Isaac Grant Thompson
Isaac Grant Thompson

Information on this page is from History of Rensselaer Co., New York by Nathaniel Bartlett
Sylvester, published in 1880. Many thanks to Bob McConihe for typing this biography.

ISAAC GRANT THOMPSON was born in Rensselaer Co., N. Y., and died at Saratoga Springs, N. Y., on the 30th of August, 1879, aged thirty-nine years. He had always lived in Rensselaer County, with the exception of a few years of his early life passed in the West. His education was of the common schools and academics. In his youth he had taught in both departments. He was admitted to the bar of this State in 1865. Having always a predilection for the editorial occupation, he ultimately became a legal editor, author, and reporter of great celebrity. He became city editor of the Troy Daily Press about 1869, at the same time compiling some of his minor legal treatises. In 1870 he founded the Albany Law Journal. In 1871 he commenced the publication of the "American Reports." He wrote a treatise on the Law of Highways, a treatise on Provisional Remedies, edited an edition of "Warren's Law Studies," supplying a chapter On the Study of Forensic Eloquence, compiled a volume of "National Bank Cases," manuals for supervisors, assessors, town clerks, and collectors, a digest for the first twenty-four volumes of the "American Reports," edited with Mr. Cook six volumes of the "Supreme Court Reports" of New York, which affected a revolution in the reporting system of the State, and at the time of his death was engaged upon the most important law treatise of his life, which he left half finished. He was married in 1872, and his wife and three children survive him. Mr. Thompson continued to edit the Albany Law Journal and the "American Reports" up to the time of his death. The former is read in every English-speaking community in the world, and had attained, under his direction, and influence unsurpassed, if not unrivaled.
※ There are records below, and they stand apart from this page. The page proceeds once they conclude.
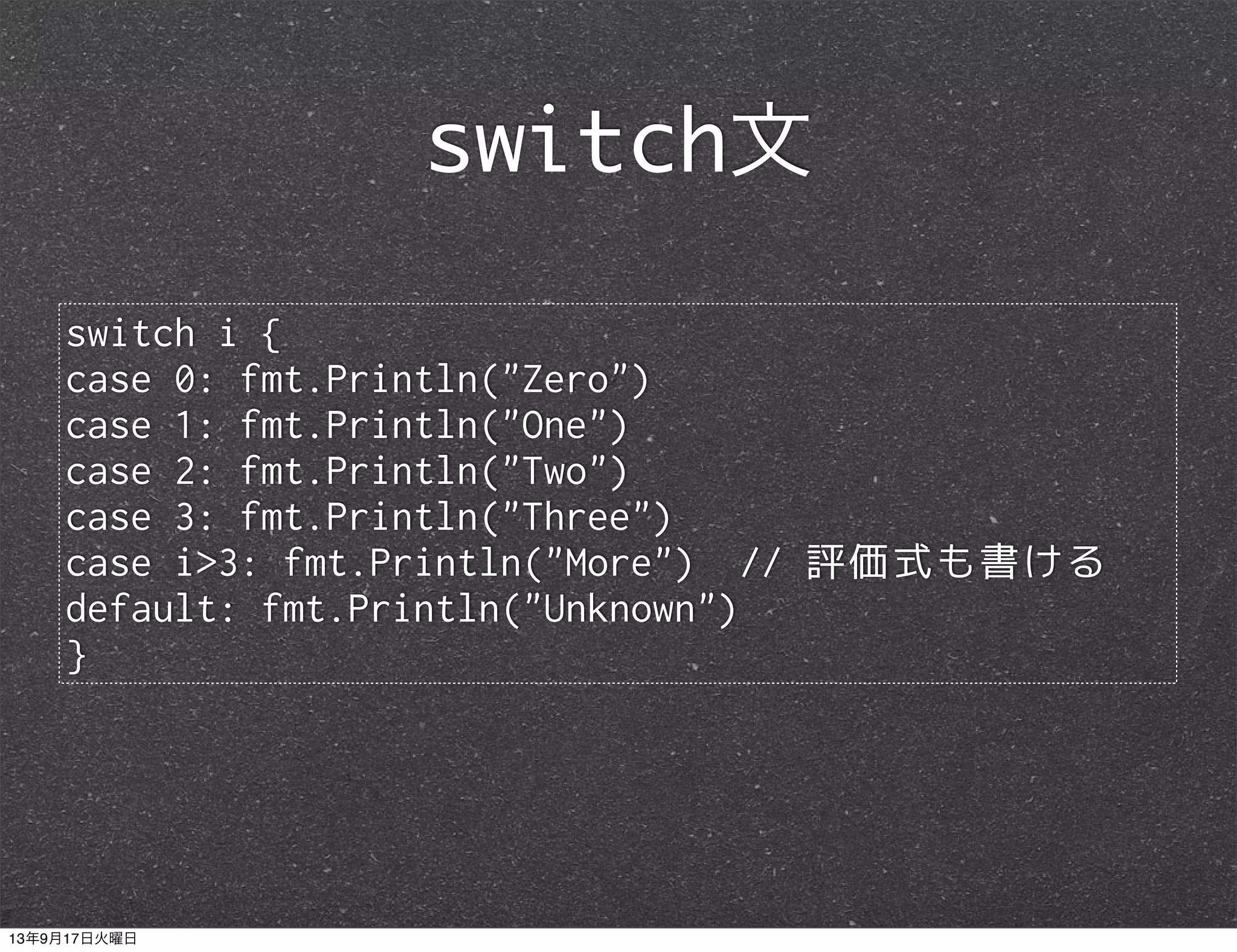 switch i {
case 0: fmt.Println("Zero")
case 1: fmt.Println("One")
case 2: fmt.Println("Two")
case 3: fmt.Println("Three")
case i>3: fmt.Println("More") // 評価式も書ける
default: fmt.Println("Unknown")
}
switch文
13年9月17日火曜日
 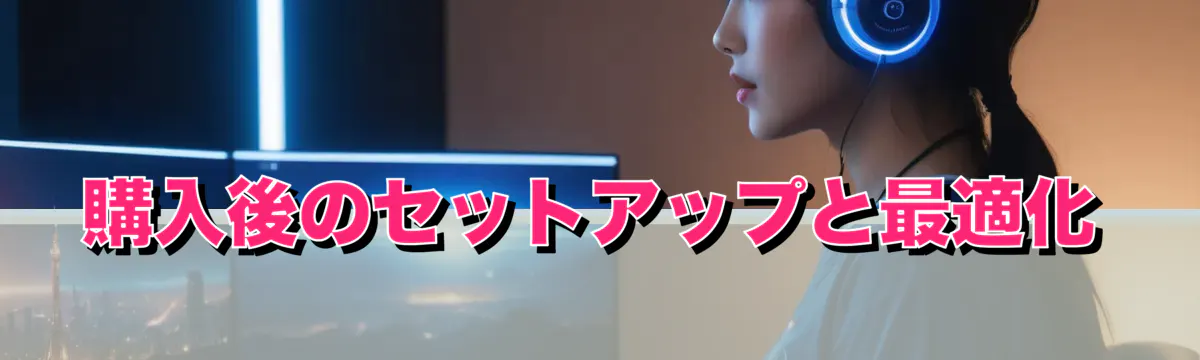 購入後のセットアップと最適化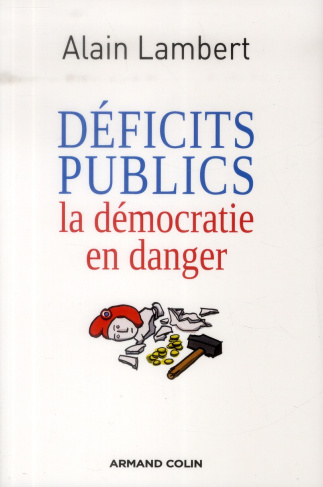 Déficits publics. La démocratie en danger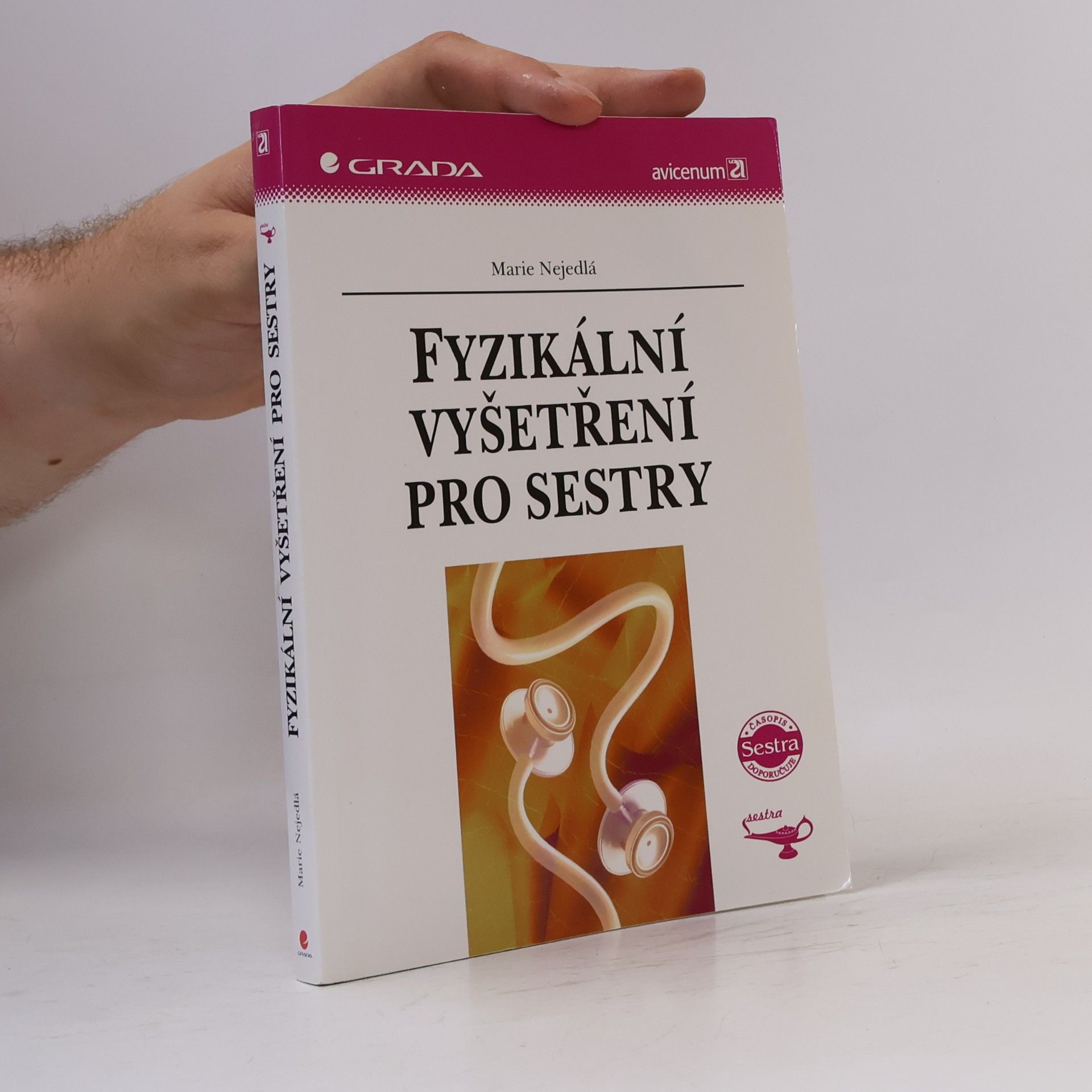 Marie Nejedlá Fyzikální vyšetření pro sestry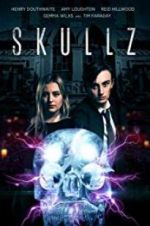 Watch Skullz Putlocker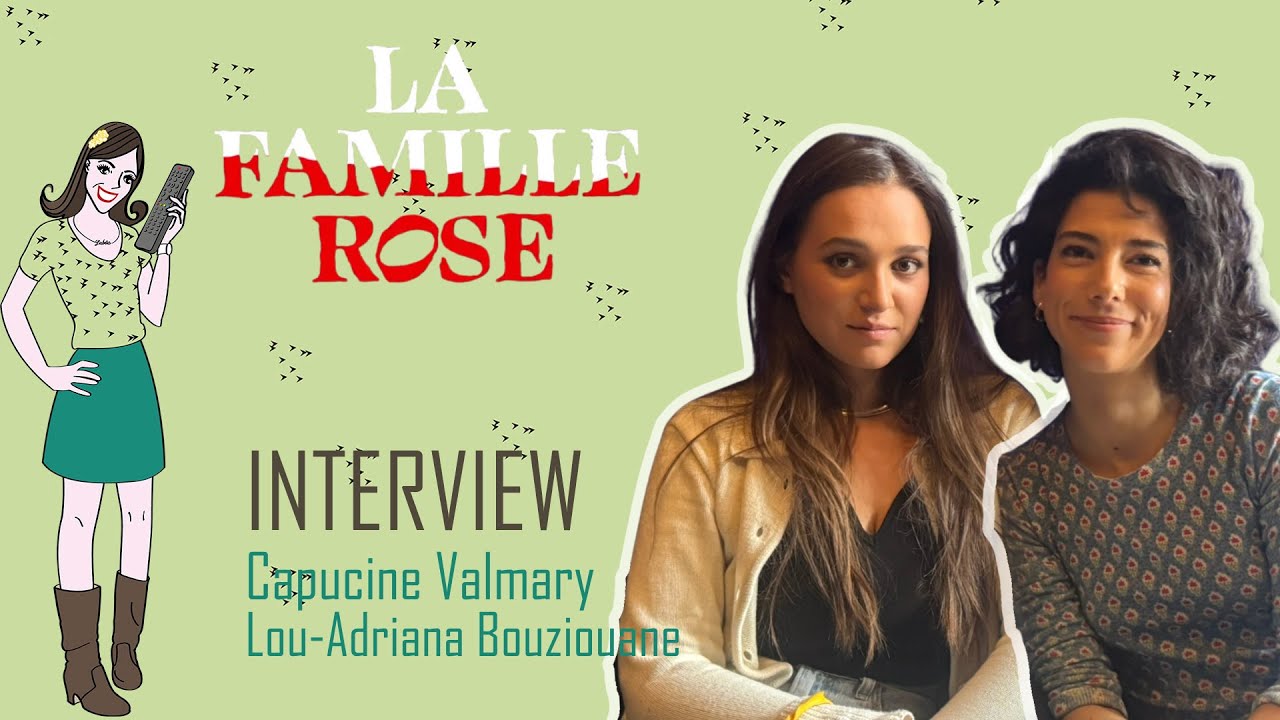 LA FAMILLE ROSE : Capucine Valmary & Lou Adriana Bouziouane dans une série cannibale !
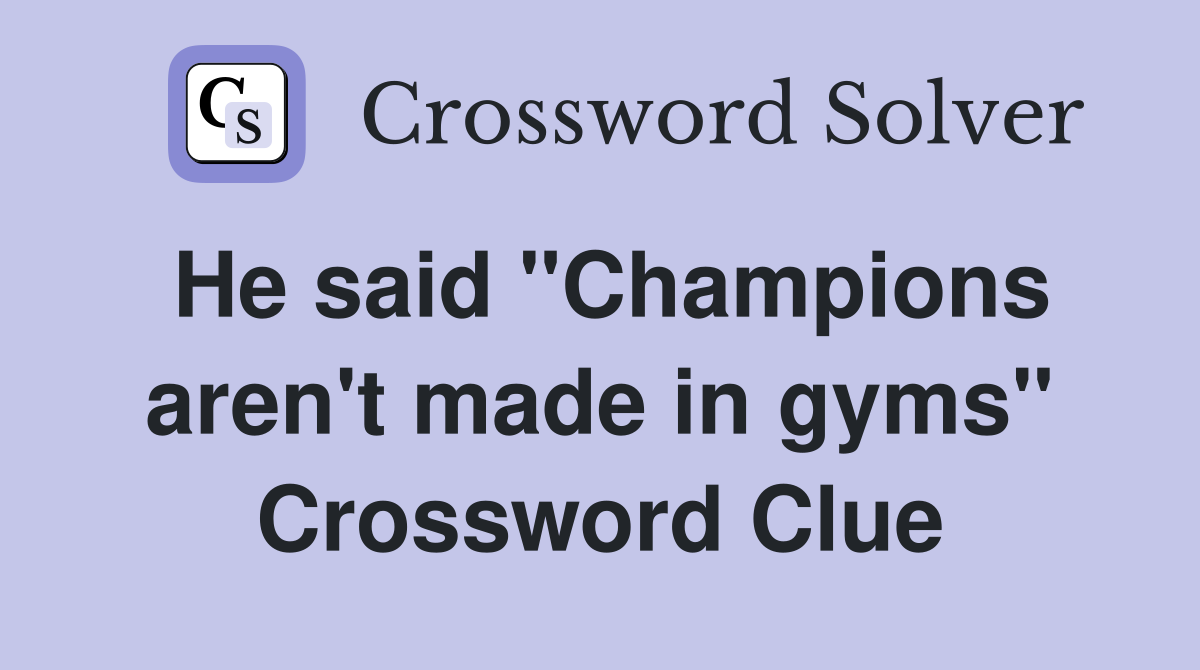 He said "Champions aren't made in gyms" Crossword Clue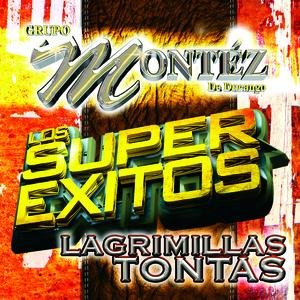 Los Súper Éxitos "Lagrimillas Tontas"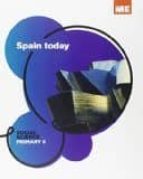 Spain Today 6º Primaria 6º Modular Social Science Ed 2015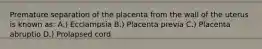 Premature separation of the placenta from the wall of the uterus is known as: A.) Ecclampsia B.) Placenta previa C.) Placenta abruptio D.) Prolapsed cord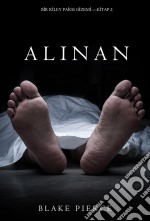 Alinan (Bir Riley Paige Gizemi—Kitap 2). E-book. Formato EPUB ebook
The latter, now in their twenty-seventh volume, purport to give all cases of general interest in the courts of ultimate resort in all the States and Territories, have attained a very large circulation, and have universally been esteemed models of their class. Two such original enterprises have rarely been conceived and executed by a man of thirty years of age.

The following from the pen of Mr. Thompson's successor, Irving Browne, in the Albany Law Journal of Sept. 6, 1879, conveys a just and intelligent estimate of Mr. Thompson's character and work:

"The writer may be pardoned for saying- what Mr. Thompson never would have said publicly - that the Albany Law Journal has made its way all around the world, and is read, copied, and cited in every State of this Union, throughout Great Britain and Ireland, in France, Germany, and Italy, in China, Australia, and New Zealand, without much advertising or canvassing, almost exclusively upon its merits. Mr. Thompson was proud of this; he loved to have it so. It was his pet project and hobby; he spared no pains nor expense upon it; he cared not what it cost him; he was continually planning to make it better; he was never satisfied with it. He was conscious of the demands of the great and critical audience which he addressed, he had a high sense of what was due them, and his conscience was always uneasy lest he was not giving them his very best.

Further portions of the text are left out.